Given data:
═══

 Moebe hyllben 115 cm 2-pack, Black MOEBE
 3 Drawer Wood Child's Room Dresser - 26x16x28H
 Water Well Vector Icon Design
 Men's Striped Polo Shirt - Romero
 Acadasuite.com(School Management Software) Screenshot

═══

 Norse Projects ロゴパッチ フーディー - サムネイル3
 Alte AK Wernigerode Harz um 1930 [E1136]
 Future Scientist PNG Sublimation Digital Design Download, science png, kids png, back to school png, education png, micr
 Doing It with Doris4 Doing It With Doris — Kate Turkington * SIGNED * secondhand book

═══

Exercise goal:
Write out, from the lines above, only those from the line with "Moebe hyllben 115 cm 2-pack, Black MOEBE" to the line with "Acadasuite.com(School Management Software)", exactly as given, including the first and the last.

Expected answer:
 Moebe hyllben 115 cm 2-pack, Black MOEBE
 3 Drawer Wood Child's Room Dresser - 26x16x28H
 Water Well Vector Icon Design
 Men's Striped Polo Shirt - Romero
 Acadasuite.com(School Management Software) Screenshot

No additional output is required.